Her baby girl was in the child seat of the cart — a beautiful blonde chunky monkey six to eight months old. I remember her name was Eliza, named after one of Barton’s springs, because mom was a regular swimmer there.
As mom and I were catching up on our respective lives and I was intuiting the power of love that had changed her life, transformed her from serious career woman to wife and mother, this baby girl was having the time of her life in the cart. Wriggling, writhing, leaning, arching, twisting, waving all her limbs at once in various directions, cooing, babbling, in constant motion, with a look of uncensored delight on her face.

And so there I am, having an adult conversation with the mom while witnessing this child having the time of her life. The time of her life times many more, I hope! She was feeling the rapture of being alive, and it was a joy to behold.
People say that what we’re all seeking is a meaning for life. I don’t think that’s what we’re really seeking. I think that what we’re seeking is an experience of being alive, so that our life experiences on the purely physical plane will have resonances with our own innermost being and reality, so that we actually feel the rapture of being alive.
Joseph Campbell
Honeys, she was channeling pure, strong life force, spirit, bliss. I don’t know what to call it. It’s beyond verbal, a marvel, a strong reminder of the Beloved amongst us.
It’s been years since that day. I don’t recall what the mom and I talked about, but seeing/feeling that baby experiencing that state imprinted on me.
I’m reminded of this because I recently witnessed the rapture of an adult human with whom I was conversing. I was taking in his words, which were like a waterfall as he got on a roll, and I was keeping up, focusing on the content of what he was saying, and his words were coming quickly, touching on this and that like a dragonfly flitting about, in a torrent, and at some point I just couldn’t keep up with the content. I just watched his face and received the energy that he was transmitting, and saw that he was beautifully mad and wise and blissful and free, living the rapture that was shining from his happy face, like Eliza.

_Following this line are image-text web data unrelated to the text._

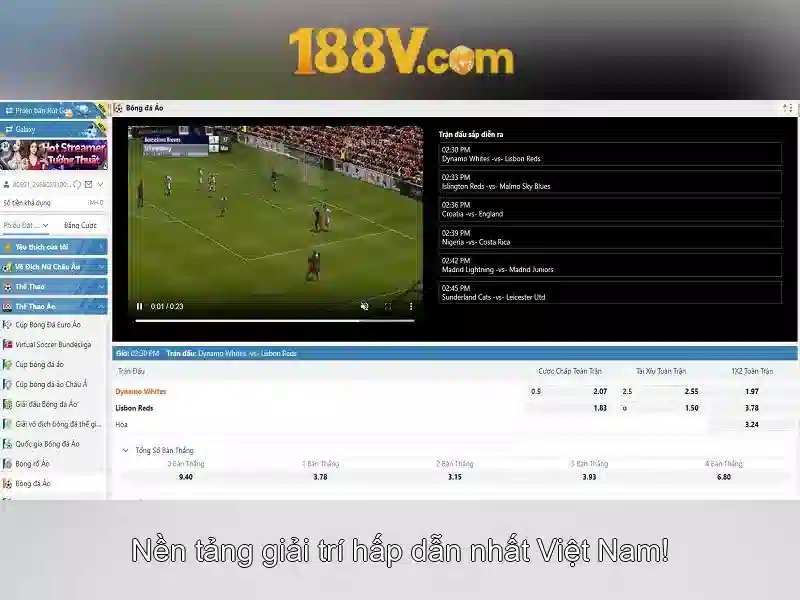 188v: Khám phá một khái niệm sáng tạo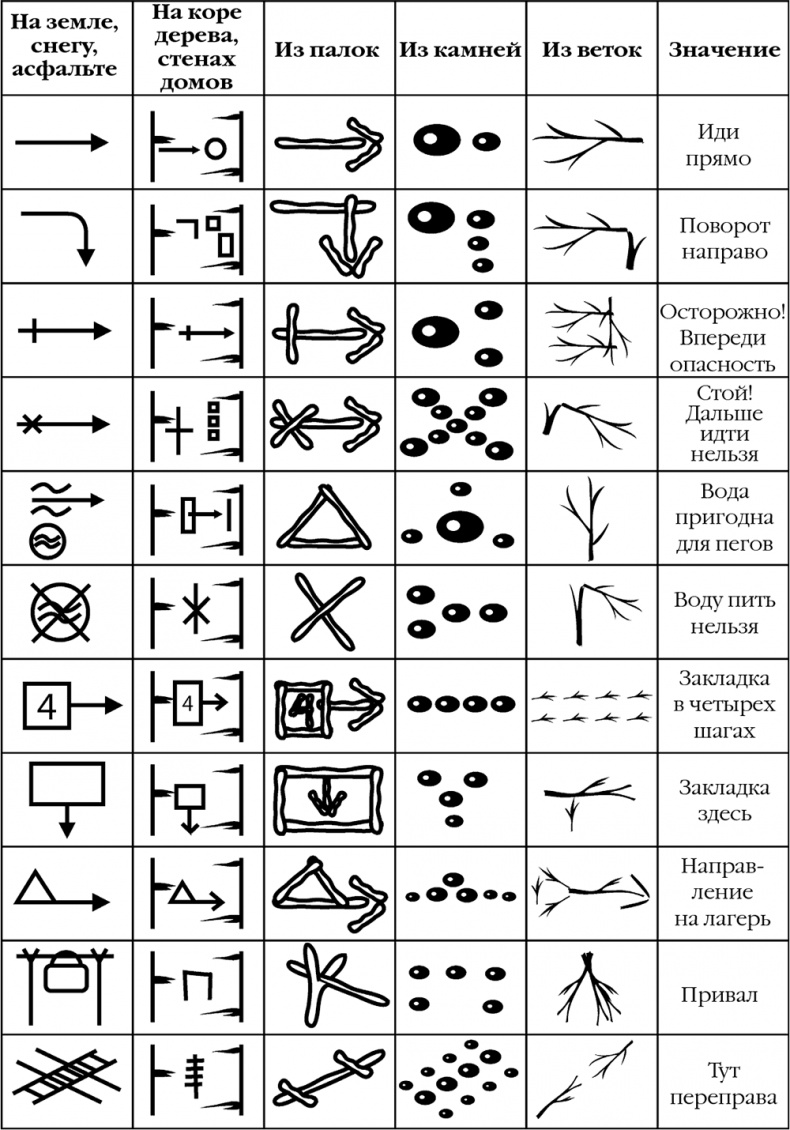Иллюстрация к книге — Цветок Трех Миров [i_002.jpg]
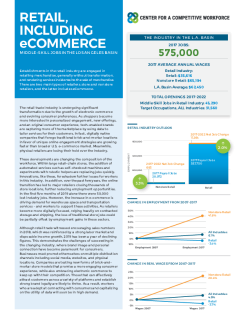 Sector Scan: Retail Including eCommerce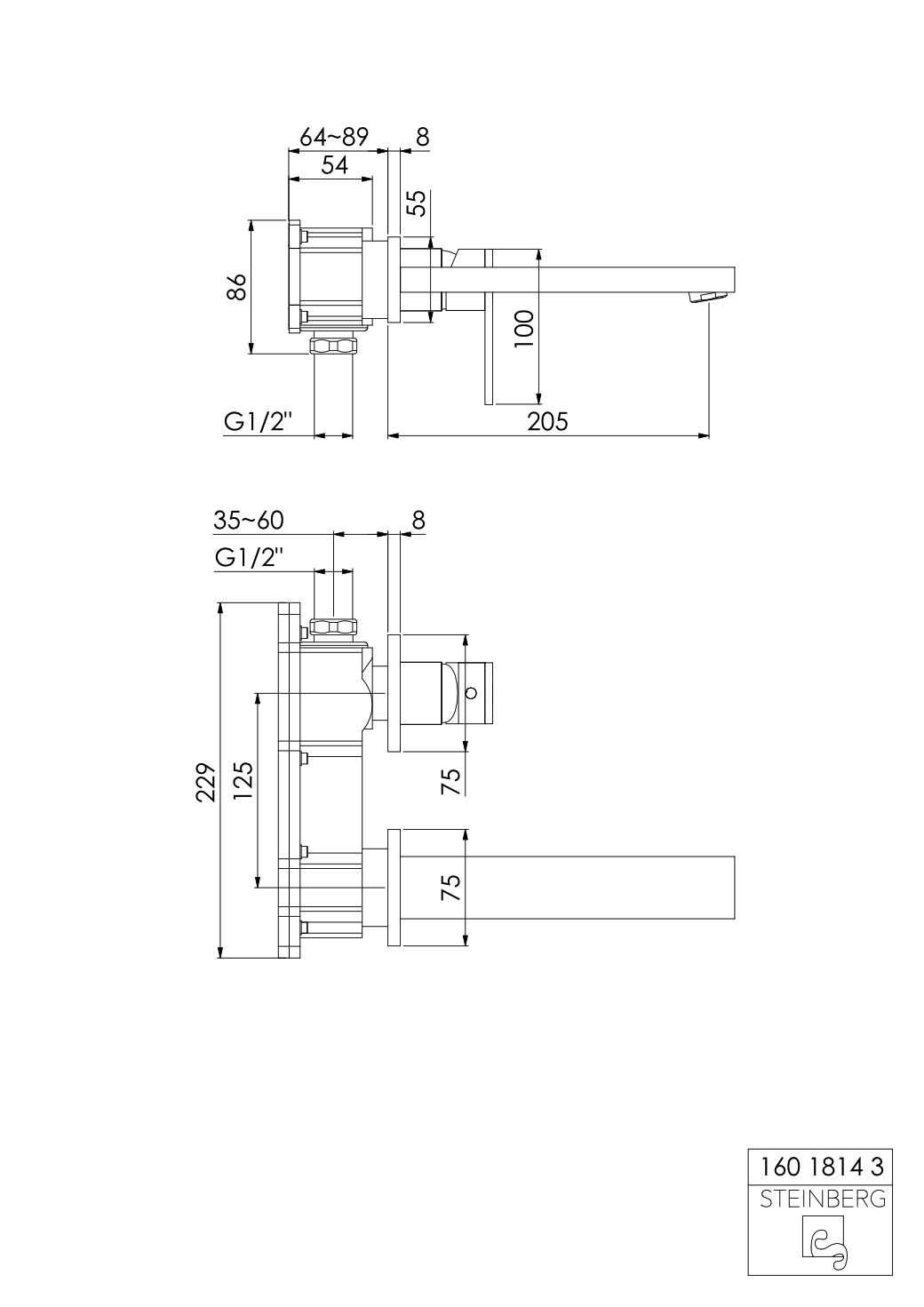Serie 160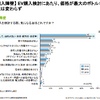 EV購入の最大の障壁は価格の高さ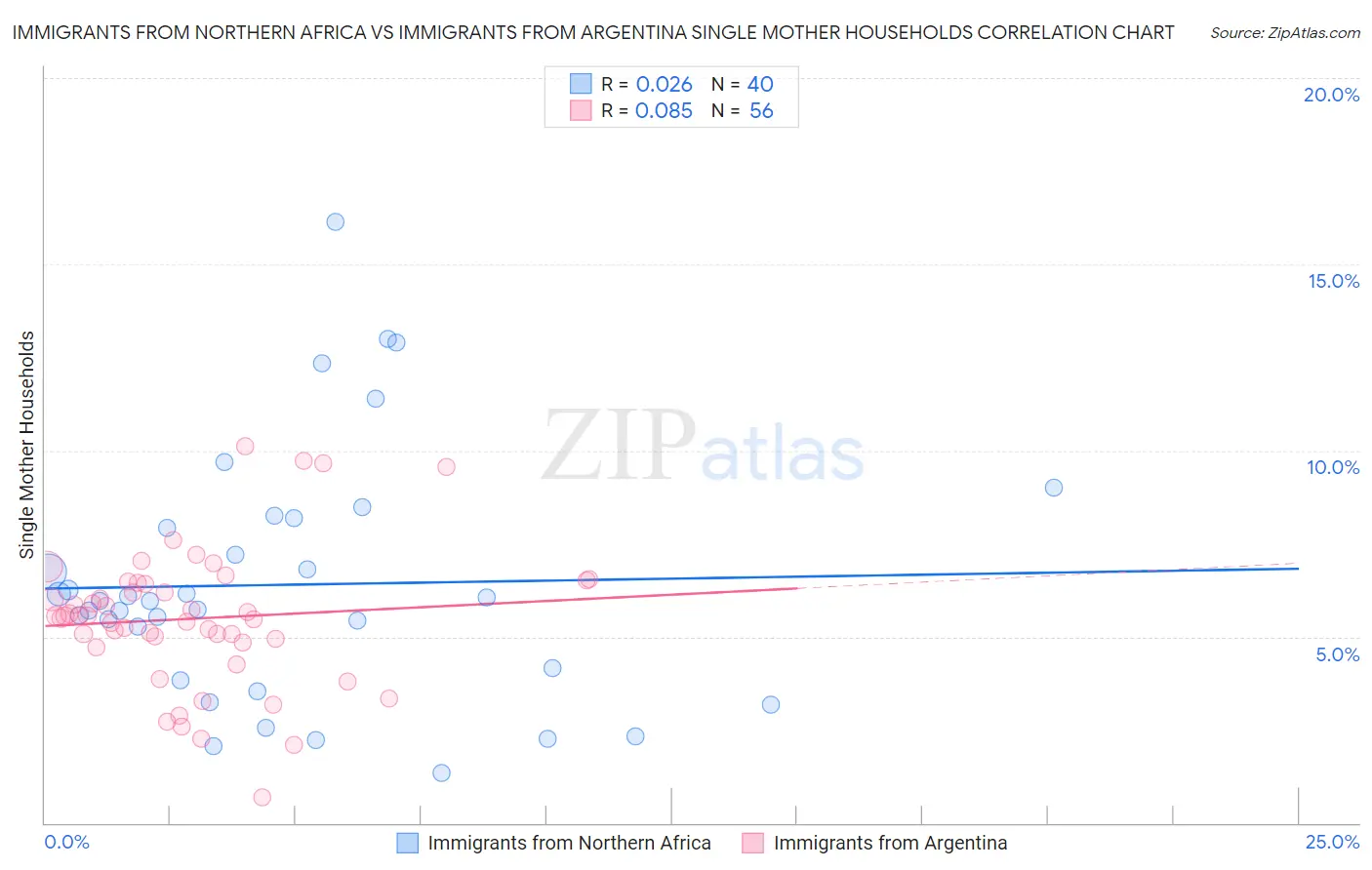 Immigrants from Northern Africa vs Immigrants from Argentina Single Mother Households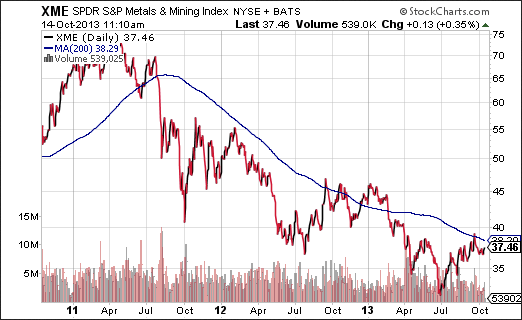 SPDR S&P Metals And Mining Index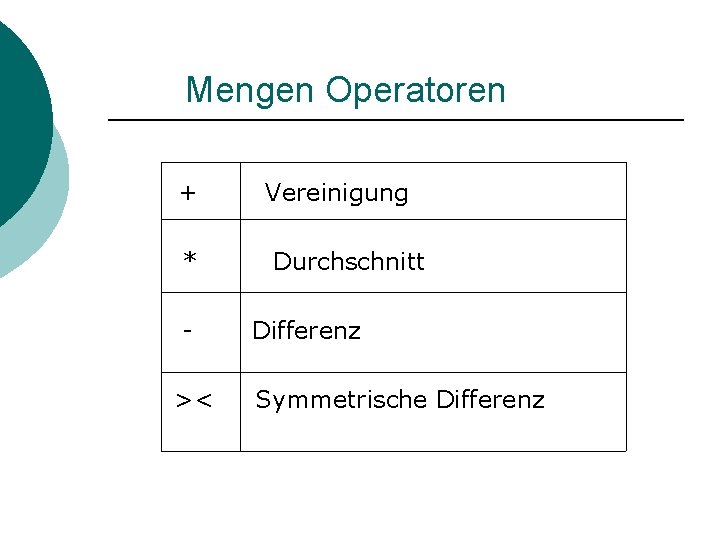 Mengen Operatoren + * >< Vereinigung Durchschnitt Differenz Symmetrische Differenz 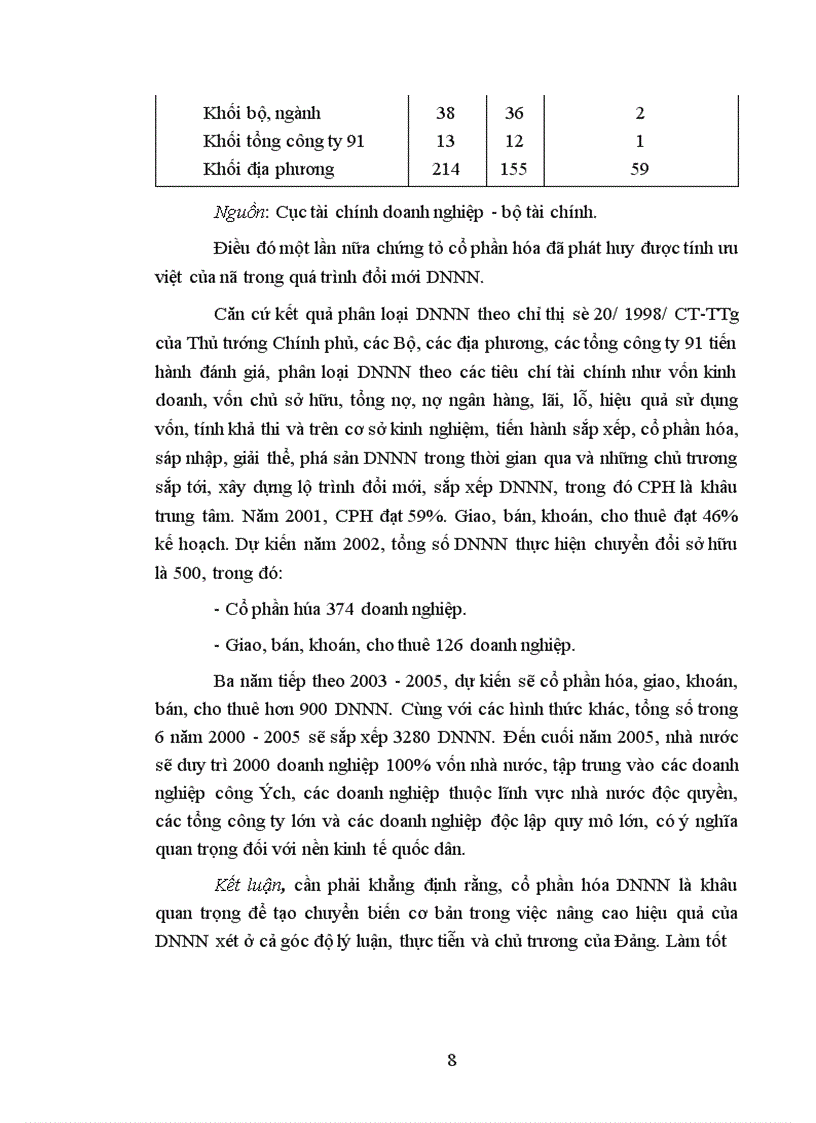 image for page Cổ phần hóa là khâu quan trọng để tạo chuyển biến cơ bản trong việc nâng cao hiệu quả của doanh nghiệp nhà nước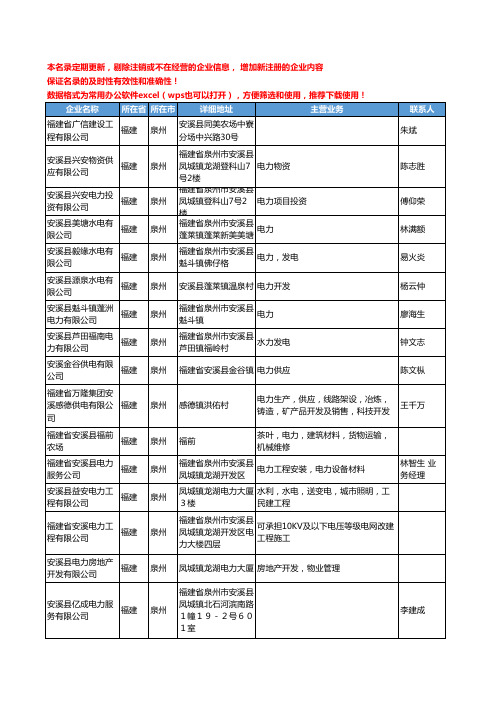 2020新版福建省泉州电力工商企业公司名录名单黄页联系方式大全358家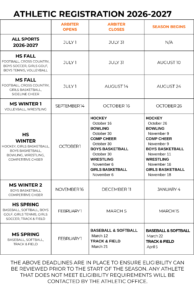 Athletic Registration 2026-2027 infographic. PDF linked above.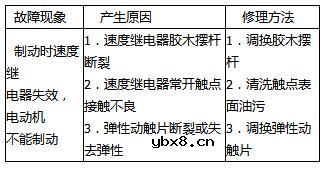 速度继电器的工作原理及作用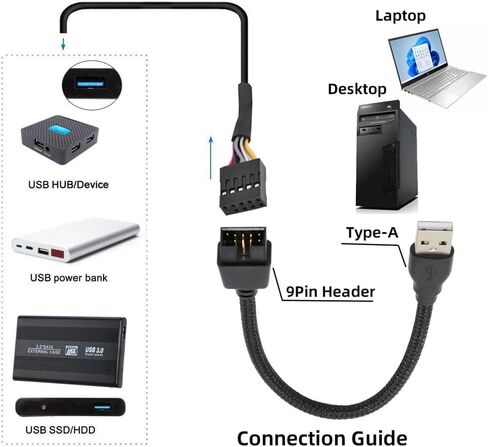 USB 2.0 9pin 10pin Header 1 to 4 Female Splitter Extension Cable HUB with IDE 5V Power Connector Adapter Port Multilier in Kuwait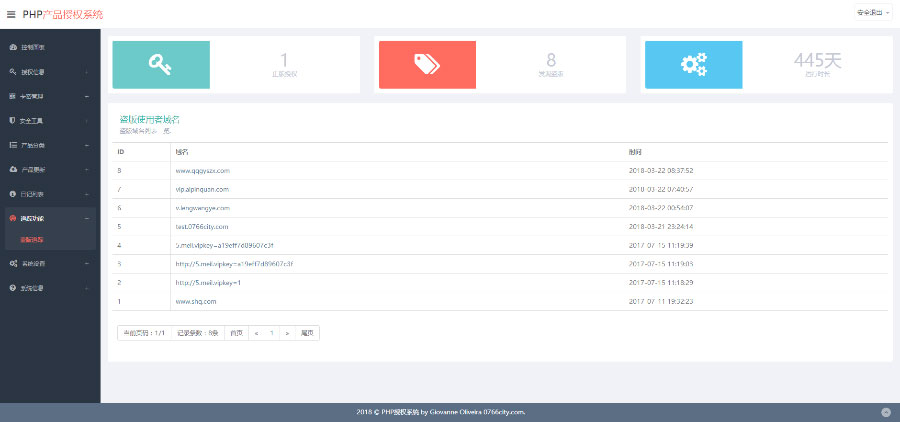 PHP产品授权系统源码授权验证更新系统V2.7定制版完整版插图2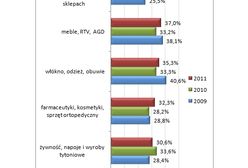 Zakupowy rajd Świętego Mikołaja
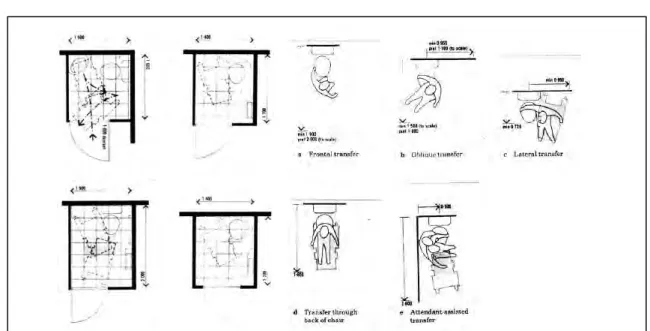 Gambar II.4.1. 6 Studi Antropometri wastafel  Sumber : Human Dimension 2012 
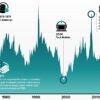 The Gold Series: The History Of Gold - Visual Capitalist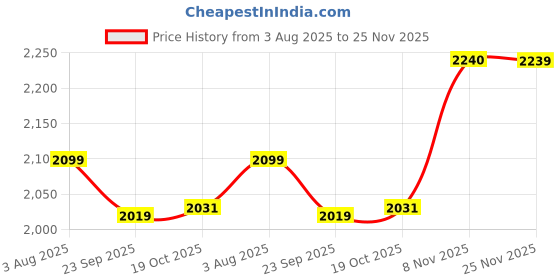 flipkart.com tramontina Titanex Pre-Seasoned | Healthy Non-Toxic (PFAS/PFOA/PTFE Free) Tawa 28 cm diameter tramontina Price History Graph from 3 Aug 2025 to 25 Nov 2025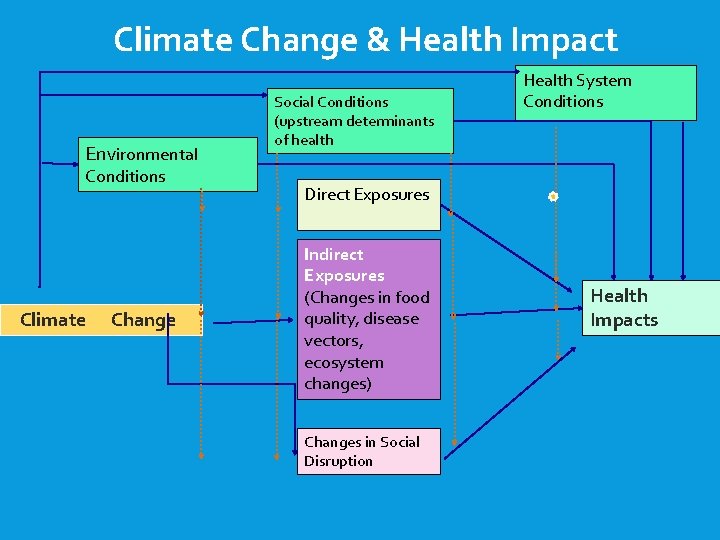 Climate Change & Health Impact Environmental Conditions Climate Change Social Conditions (upstream determinants of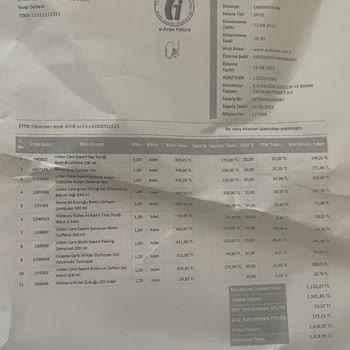 Watsons Eksik Ürün Gönderimi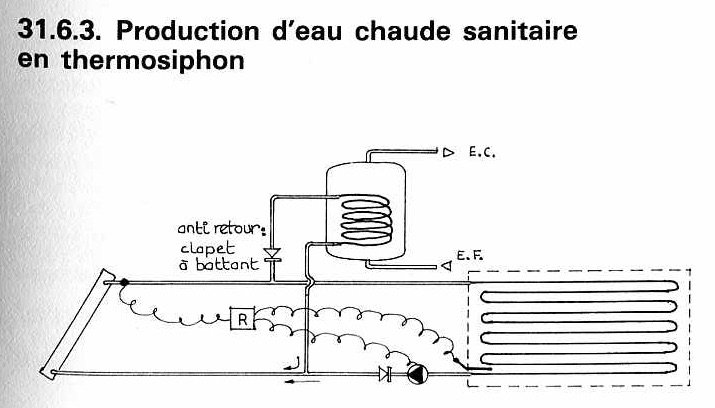 PSD et ECS thermosiphon.jpg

Later, I felt disappointed in myself that I couldn’t keep up with the content, and I misinterpreted some words he had glanced on. He felt defensive and misunderstood. Haven’t we all had enough of that? He called me on it, thank goodness.
I was wrong. My fears got the better of me, I got to look at that, and I decided to give him my trust. May we find better ways to verbally communicate that celebrates the flow of rapture and fosters deeper understanding.
Learning right relationship is like being a cocoon. The caterpillar doesn’t know what it’s going to become after it munched on those plants and became suspended in stillness wearing a gorgeous green suit with elegant gold trim.
Inside my suit, I turn, face a new direction, rest, turn some more, holding space for what emerges.